Appears to be related to this case: https://www.courtlistener.com/docket/65748302/in-re-apple-da...

The document in question: https://storage.courtlistener.com/recap/gov.uscourts.cand.40...

Note that the title here is a misquote in a way that misconstrues the meaning, it's actually:

> "Given Apple’s extensive privacy disclosures, no reasonable user would expect that their actions in Apple’s apps would be private from Apple."


Fair. I had to edit the title for length, and am not sure how to make it more explicit while staying under the limit.


The full filing and the expanded context completely changes the meaning of the headline quote!


How obscene and perverse our societies have become. All or private moments watched by professional voyeurs.


OnlyFans is a distributed version of Café Flesh (1982)[1]

[1] https://www.imdb.com/title/tt0083707/


Conversely, individuals seem to have no filter regarding which of their formerly private members should be made public.



And to the point of the highlighted segment, Apple's not exactly opaque about this: https://www.apple.com/legal/privacy/en-ww/ (broken down by service: https://www.apple.com/legal/privacy/data/)
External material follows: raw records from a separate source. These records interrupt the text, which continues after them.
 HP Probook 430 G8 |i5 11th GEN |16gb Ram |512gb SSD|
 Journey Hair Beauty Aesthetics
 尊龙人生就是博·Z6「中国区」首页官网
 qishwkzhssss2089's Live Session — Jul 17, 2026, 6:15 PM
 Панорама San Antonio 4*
It's anonymous, users can see the data (Privacy & Security > Analytics & Improvements > Analytics Data), and they can turn it off. It seems like if Apple were to lose this, the rest of the industry would be next.
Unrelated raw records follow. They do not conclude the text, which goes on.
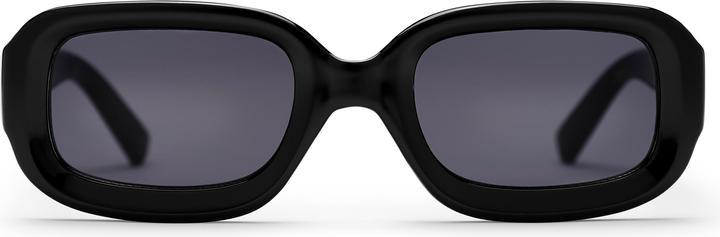 Produktbild CHPO Havana S3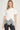 Blusa Chic Encaje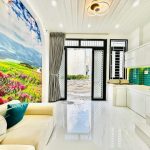  80m2 - 5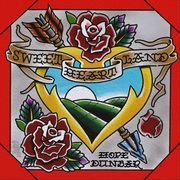 {DOWNLOAD} Hope Dunbar -  Sweetheartland {ALBUM MP3 ZIP}'s avatar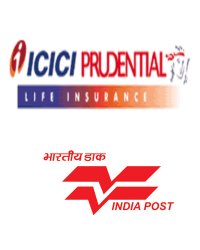 ICICI Postal Department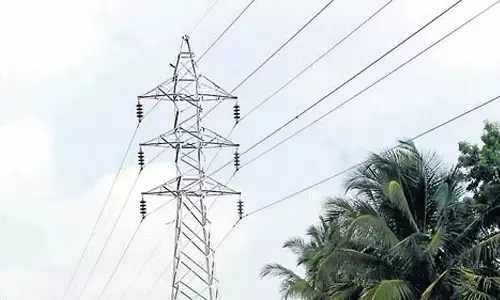 MP : सरकारी बिजली कंपनी ने बिजली चोरी की रिपोर्ट करने वाले नागरिकों को 15 लाख का इनाम दिया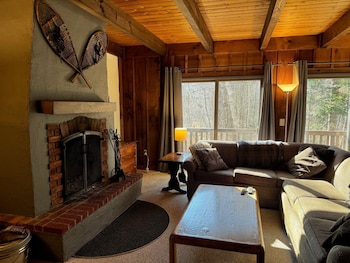 killington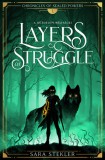 Layers of struggle - A küzdelem mélységei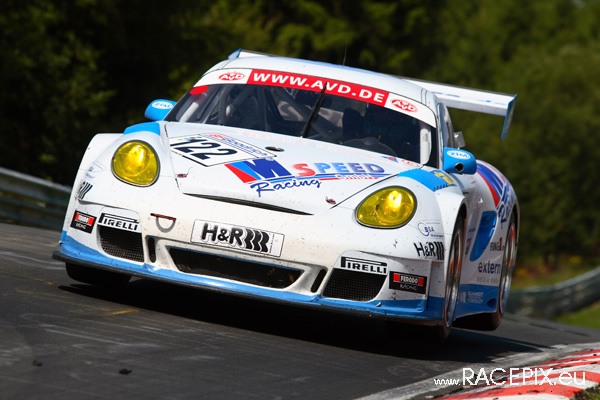 VLN-07 2008-07-19 05 Pflanzgarten Sprunghuegel IMG_1407
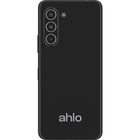 ahlo 1 - 128 Go - Bell et Virgin Plus-Affrontez votre journée grâce à la batterie longue durée de 5000 mAh, garantissant une utilisation ininterrompue et une productivité optimale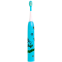 Зубная щётка Revyline RL 055 Kids Light Blue - 7936 - фото 2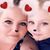 Trisha Kass Donley's profile image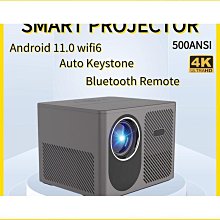 【投影機】便捷投影儀 家用手機投影儀 智能高清投影器 【辦公無線WiFi投影機】 家庭影院小型迷你一體機 歷史價格詳細信息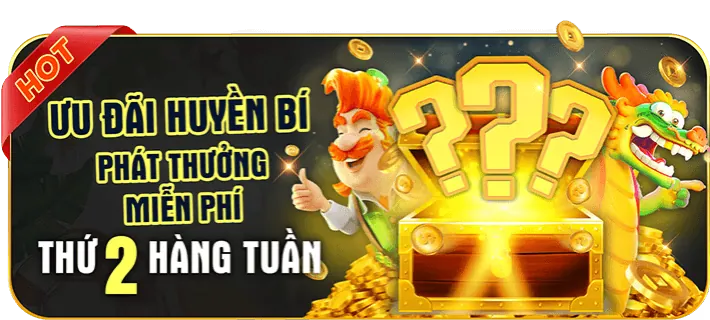 Đề xuất trò chơi sòng bạc hot nhất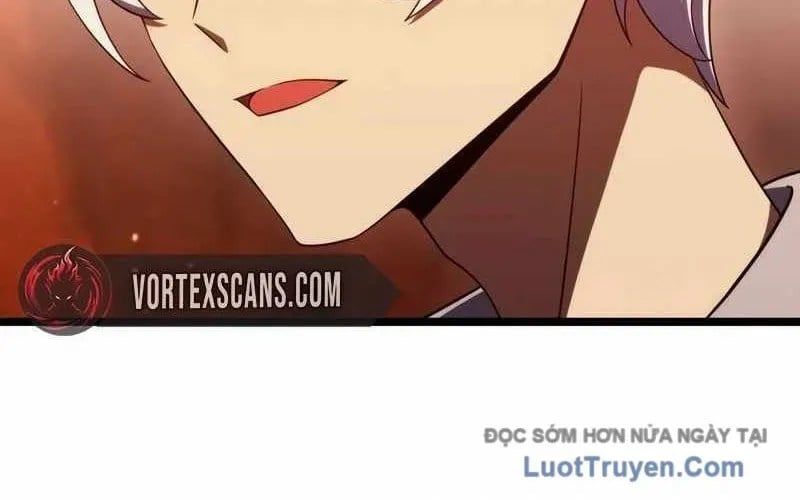 Hắc Ma Pháp Sư Kẻ Duy Nhất Trở Lại Quá Khứ Với Kỹ Năng Gian Lận Siêu Việt Chapter 19 - 157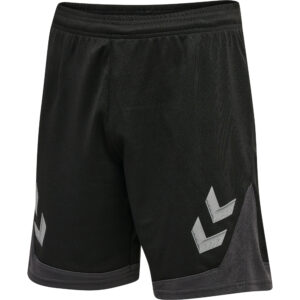 hmlLEAD POLY SHORTS – Bild 6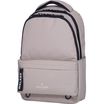 Mochila WALKER "Alpha" - 2 compartimentos color Arena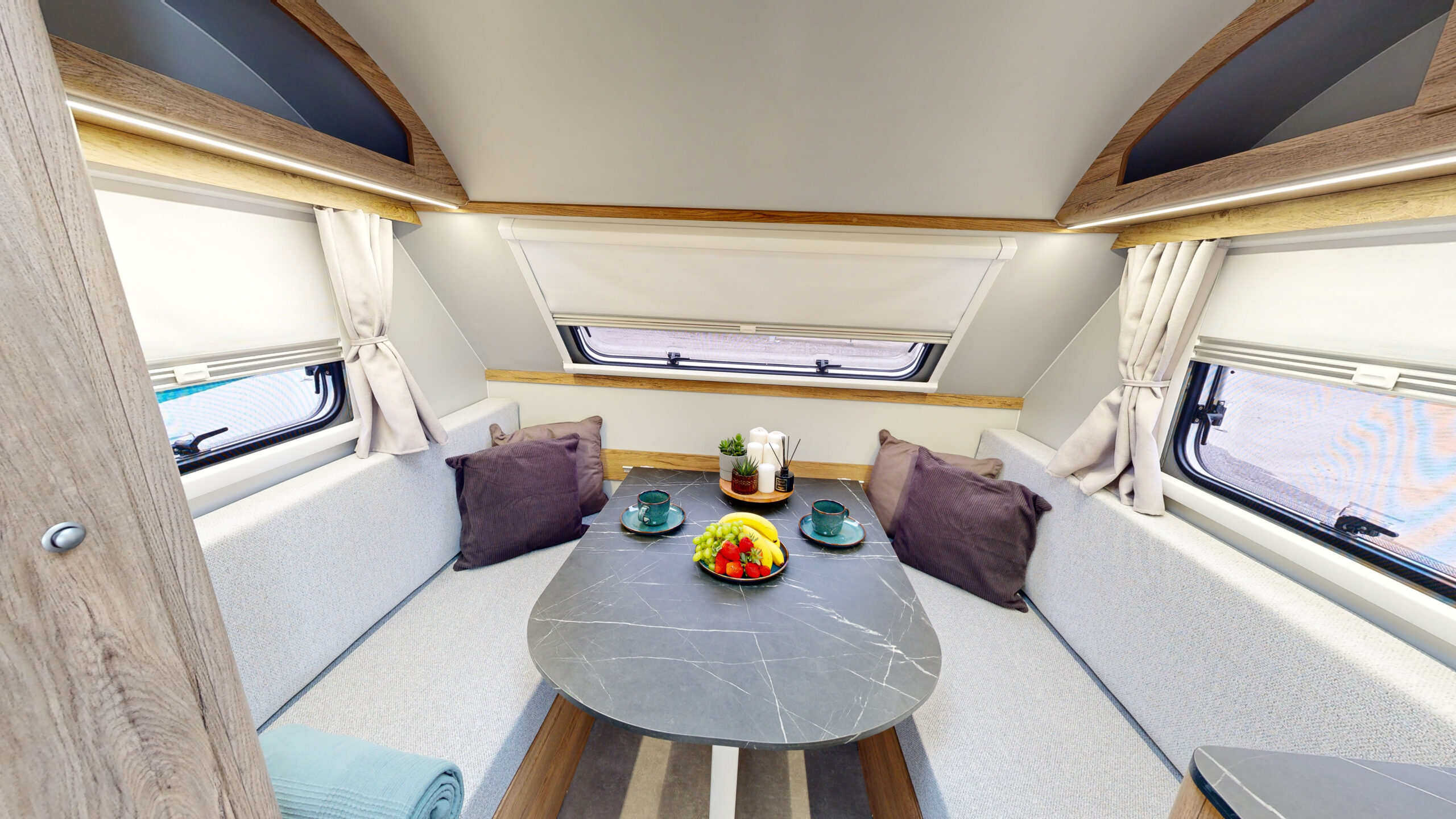 n – cross (3 n – cross (3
I don't expect it to be private from apple. I'm just counting on apple not sharing it with 3rd parties like google or anyone willing to give them a buck to report my buying/app/whatever habits in order to send me ads.


You're making a very flawed argument, because Google isn't going to share their users data with 3rd parties either.

It's literally their business to gobble up as much data as they can get their hands on and sabotage anyone trying to do the same in order to become the only viable choice for Internet marketing campaigns.

Apple only sells marketing on the app store, so their privacy violations only extend so far for now. I hope it stays like that, but my gut tells me that the water will continue to get muddier over the years. But that's a future issue.


My argument isn't flawed, it states exactly what I meant to say. I trust apple's greed to not get bad publicity more than I do google's, who has been getting bad publicity for years and seems immune to being concerned over such things.


What if a user enables Advanced Data Protection (end to end encryption of everything stored on iCloud) on their Apple devices? How much does that change things?


Advanced Data Protection protects your data that you are asking Apple to hold for you. E.g., notes and photos. Apple doesn't need to see your notes and photos to hold them for you and give copies back to you.

The lawsuit is complaining about data Apple gets when the user uses the App Store, Apple Music, Apple TV, and similar. E.g., when you buy an app from Apple's app store, Apple knows which app you bought, how much you paid for it, and how you paid for it.

That's data that Apple is getting because it is necessary in order to provide the service you are using.


The case they cited is from Home Depot customer service chat. If this is about Apple customer service chats it’s fair but otherwise seems pretty disingenuous.


Which court filing is this from?



It’s not inaccurate.


Device telemetry is not the same thing as App Store telemetry lol


That will be 30% of everything you do.